Erkeklerin de Yürekleri Var



Bir Adem Diyor ki...

Üç yıl önce evlendim, ikimizde memurduk, her şeyi birlikte ödeyecektik. Özlemim vardı, bir anne görmek istedim evimde, evlatlarıma bir anne, akşam yemek hazırlayan bana gülümseyen, ve her işinde yardım edeceğim dediğim. Çocuklarıma bir anne özlemindeydim.

Tam kavuştum sandım ki, evlendiğim gün her şey değişti. Tek düğünü onun memleketinde yaptık, 220 çeyrek altın 10 milyarlık bilezik, ve 5 bin lira para toplandı, hepsini kayınvalidem aldı ve vermedi. Hiç üstünde bile durmadım, sizin onlar, bizde kalacak dediler, hiç ama hiç sesimi çıkarmadım. Derdim para değildi, huzurdu sadece.

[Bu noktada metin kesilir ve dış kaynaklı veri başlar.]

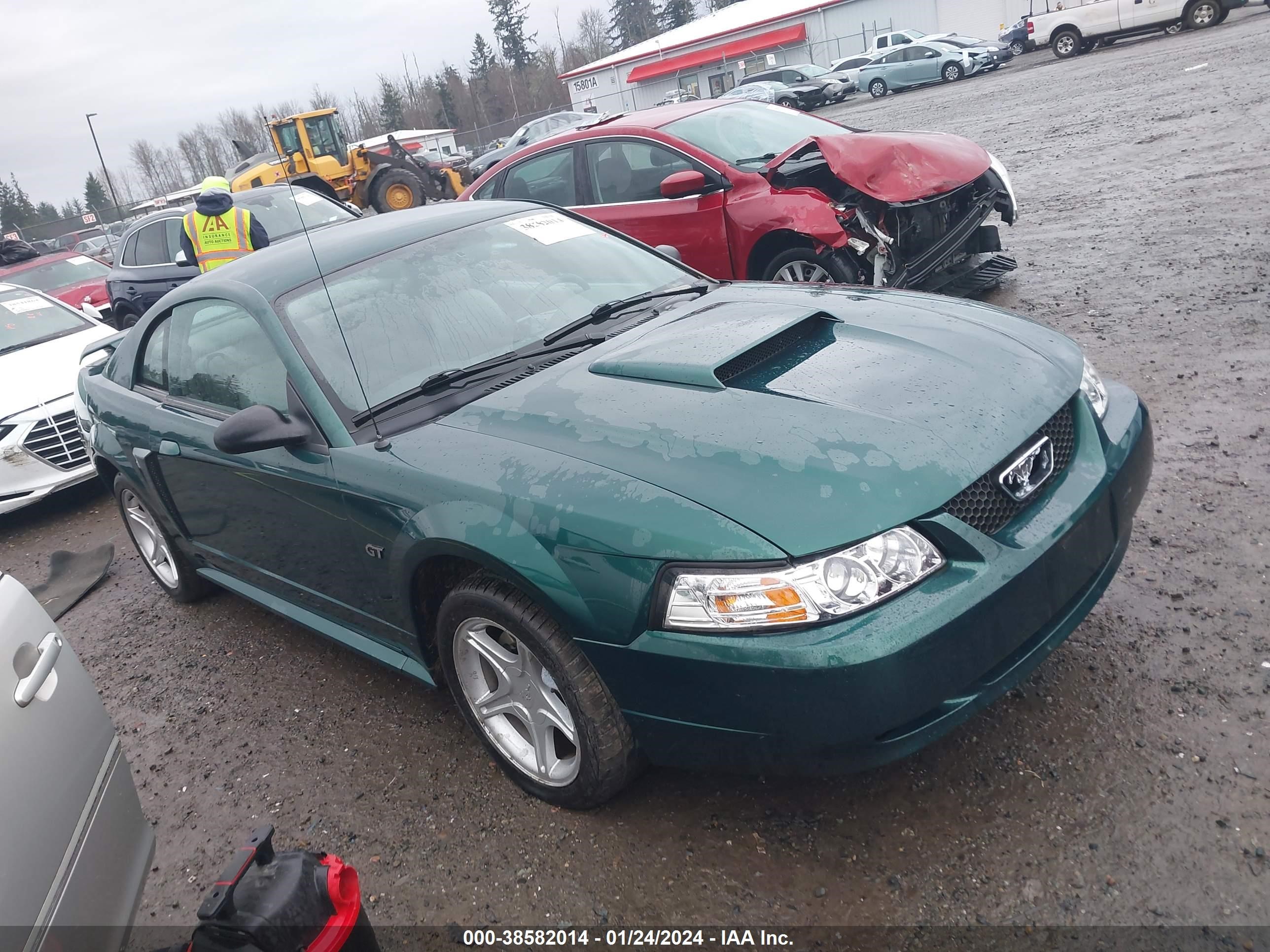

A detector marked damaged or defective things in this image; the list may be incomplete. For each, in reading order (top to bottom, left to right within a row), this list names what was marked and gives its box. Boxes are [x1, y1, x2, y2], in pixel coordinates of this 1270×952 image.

red damaged sedan [462, 99, 1016, 294]
crumpled red hood [762, 133, 990, 203]
damaged front end [762, 131, 1021, 294]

Gerdek gecesi yaşamadım,yaşayamadım... İlk ilişkim kazara 7 ay sora gerçekleşti, sadece 1 kere... Oda kazara... "İstemiyorum" diyordu, üstüne gitmedim. Kaç doktora gittim, psikiyatri doktoruna, ama o gelmedi. Yalvardım ama götüremedim, çaresi vardı derdinin ama gelmedi. Eşim:

"İşine geliyorsa böyle gelmiyorsa güle güle. Sen geneleve git, parasını ben vereceğim ama dost edinme" dedi.

" Herkes mi sevişiyor damat" diyende kayınvalidemdir...

Bu sözlerin hepsini işittim, ama sabrettim, bütün derdim aklını başına toplaması için beklemekti, dua ettim , tıbba koştum her yolu denedim... Ama geçinmeye yüzü yoktu. Yemeğimden ütüme, temizliğimden pazara, alışverişten bulaşığa... Her işi kucakladım yaptım sadece utanır mı diye. Ve bu 11 ay sürdü... bir kere el kaldırmadım asla ve kesinlikle Allah şahittir ki aldatmadım.. ve ayrıldık, ben istedim, çünkü dayanamadım...

375 gün evli kaldık, aynı evde ayrı odalarda kaldık buna evliliğimin 7. gününden itibaren dersek doğru olur. Ayrıldık, severken ayrıldık, diyeceksiniz nesini sevdin bu kadının? Ciddiyetini sevdim, ama nerden bilirdim ki evde orgenerallik istediğini, oysa ki ben orgeneral olmayı hiç düşünmedim.... Halada düşünmüyorum, belki de yanılıyorum ama bilemiyorum...

Anlaşmalı boşanmayı tercih ettiler kendileri sağ olsunlar; ama ne var ki bornozuma kadar her şeyimi götürdü. Parasını benim ödediğim her şeyi. Hatta bekar evimden getirdiğim naylon leğene kadar:) bornozuma kadar:) tekrar düzen kurdum, şimdi mi? şimdi kiramı ödeyemeyecek durumdayım, ama bununda altından kalkacağım ve en mutlu evliliğimi yapacağım. Ben bir aile özlüyorum, bir eş, bir anne özlemindeyim.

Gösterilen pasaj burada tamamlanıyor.